Short text fragments from websites:
★ ★ ★ ★ ★ ★ ★

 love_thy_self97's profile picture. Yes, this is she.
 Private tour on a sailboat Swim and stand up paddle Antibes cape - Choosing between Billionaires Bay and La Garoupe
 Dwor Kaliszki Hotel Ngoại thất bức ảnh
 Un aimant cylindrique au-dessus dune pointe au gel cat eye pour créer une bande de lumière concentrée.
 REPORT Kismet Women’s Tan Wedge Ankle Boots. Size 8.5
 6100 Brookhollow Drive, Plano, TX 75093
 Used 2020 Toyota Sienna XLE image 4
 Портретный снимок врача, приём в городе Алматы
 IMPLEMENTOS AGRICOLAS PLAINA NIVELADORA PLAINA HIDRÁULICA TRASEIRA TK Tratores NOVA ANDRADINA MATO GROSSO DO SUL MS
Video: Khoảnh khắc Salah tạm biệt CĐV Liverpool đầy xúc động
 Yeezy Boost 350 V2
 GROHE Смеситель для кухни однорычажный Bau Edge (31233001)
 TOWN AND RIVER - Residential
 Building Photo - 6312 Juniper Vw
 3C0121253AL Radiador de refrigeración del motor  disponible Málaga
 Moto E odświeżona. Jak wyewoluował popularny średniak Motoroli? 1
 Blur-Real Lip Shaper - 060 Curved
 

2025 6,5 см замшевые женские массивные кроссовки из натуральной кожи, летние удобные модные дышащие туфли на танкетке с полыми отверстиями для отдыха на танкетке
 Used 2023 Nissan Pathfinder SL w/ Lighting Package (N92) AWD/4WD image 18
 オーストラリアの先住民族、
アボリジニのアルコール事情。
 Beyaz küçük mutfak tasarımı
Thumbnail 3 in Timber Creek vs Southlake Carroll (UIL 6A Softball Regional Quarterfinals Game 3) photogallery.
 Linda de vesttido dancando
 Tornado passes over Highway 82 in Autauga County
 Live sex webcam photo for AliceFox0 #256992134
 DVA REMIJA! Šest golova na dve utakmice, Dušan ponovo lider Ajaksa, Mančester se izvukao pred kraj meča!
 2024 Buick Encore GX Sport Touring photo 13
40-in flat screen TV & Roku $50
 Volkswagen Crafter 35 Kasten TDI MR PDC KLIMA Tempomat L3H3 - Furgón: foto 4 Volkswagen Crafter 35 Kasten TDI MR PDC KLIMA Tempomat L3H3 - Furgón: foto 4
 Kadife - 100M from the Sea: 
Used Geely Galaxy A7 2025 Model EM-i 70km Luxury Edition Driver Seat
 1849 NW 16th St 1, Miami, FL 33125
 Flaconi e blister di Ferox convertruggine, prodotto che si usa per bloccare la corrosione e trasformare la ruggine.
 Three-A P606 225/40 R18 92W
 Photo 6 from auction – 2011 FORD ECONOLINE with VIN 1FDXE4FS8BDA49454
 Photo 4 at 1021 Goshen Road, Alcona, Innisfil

★ ★ ★ ★ ★ ★ ★

Print every line of the records exactly. Omit nothing.

Solved problem —
 love_thy_self97's profile picture. Yes, this is she.
 Private tour on a sailboat Swim and stand up paddle Antibes cape - Choosing between Billionaires Bay and La Garoupe
 Dwor Kaliszki Hotel Ngoại thất bức ảnh
 Un aimant cylindrique au-dessus dune pointe au gel cat eye pour créer une bande de lumière concentrée.
 REPORT Kismet Women’s Tan Wedge Ankle Boots. Size 8.5
 6100 Brookhollow Drive, Plano, TX 75093
 Used 2020 Toyota Sienna XLE image 4
 Портретный снимок врача, приём в городе Алматы
 IMPLEMENTOS AGRICOLAS PLAINA NIVELADORA PLAINA HIDRÁULICA TRASEIRA TK Tratores NOVA ANDRADINA MATO GROSSO DO SUL MS
Video: Khoảnh khắc Salah tạm biệt CĐV Liverpool đầy xúc động
 Yeezy Boost 350 V2
 GROHE Смеситель для кухни однорычажный Bau Edge (31233001)
 TOWN AND RIVER - Residential
 Building Photo - 6312 Juniper Vw
 3C0121253AL Radiador de refrigeración del motor  disponible Málaga
 Moto E odświeżona. Jak wyewoluował popularny średniak Motoroli? 1
 Blur-Real Lip Shaper - 060 Curved
 

2025 6,5 см замшевые женские массивные кроссовки из натуральной кожи, летние удобные модные дышащие туфли на танкетке с полыми отверстиями для отдыха на танкетке
 Used 2023 Nissan Pathfinder SL w/ Lighting Package (N92) AWD/4WD image 18
 オーストラリアの先住民族、
アボリジニのアルコール事情。
 Beyaz küçük mutfak tasarımı
Thumbnail 3 in Timber Creek vs Southlake Carroll (UIL 6A Softball Regional Quarterfinals Game 3) photogallery.
 Linda de vesttido dancando
 Tornado passes over Highway 82 in Autauga County
 Live sex webcam photo for AliceFox0 #256992134
 DVA REMIJA! Šest golova na dve utakmice, Dušan ponovo lider Ajaksa, Mančester se izvukao pred kraj meča!
 2024 Buick Encore GX Sport Touring photo 13
40-in flat screen TV & Roku $50
 Volkswagen Crafter 35 Kasten TDI MR PDC KLIMA Tempomat L3H3 - Furgón: foto 4 Volkswagen Crafter 35 Kasten TDI MR PDC KLIMA Tempomat L3H3 - Furgón: foto 4
 Kadife - 100M from the Sea: 
Used Geely Galaxy A7 2025 Model EM-i 70km Luxury Edition Driver Seat
 1849 NW 16th St 1, Miami, FL 33125
 Flaconi e blister di Ferox convertruggine, prodotto che si usa per bloccare la corrosione e trasformare la ruggine.
 Three-A P606 225/40 R18 92W
 Photo 6 from auction – 2011 FORD ECONOLINE with VIN 1FDXE4FS8BDA49454
 Photo 4 at 1021 Goshen Road, Alcona, Innisfil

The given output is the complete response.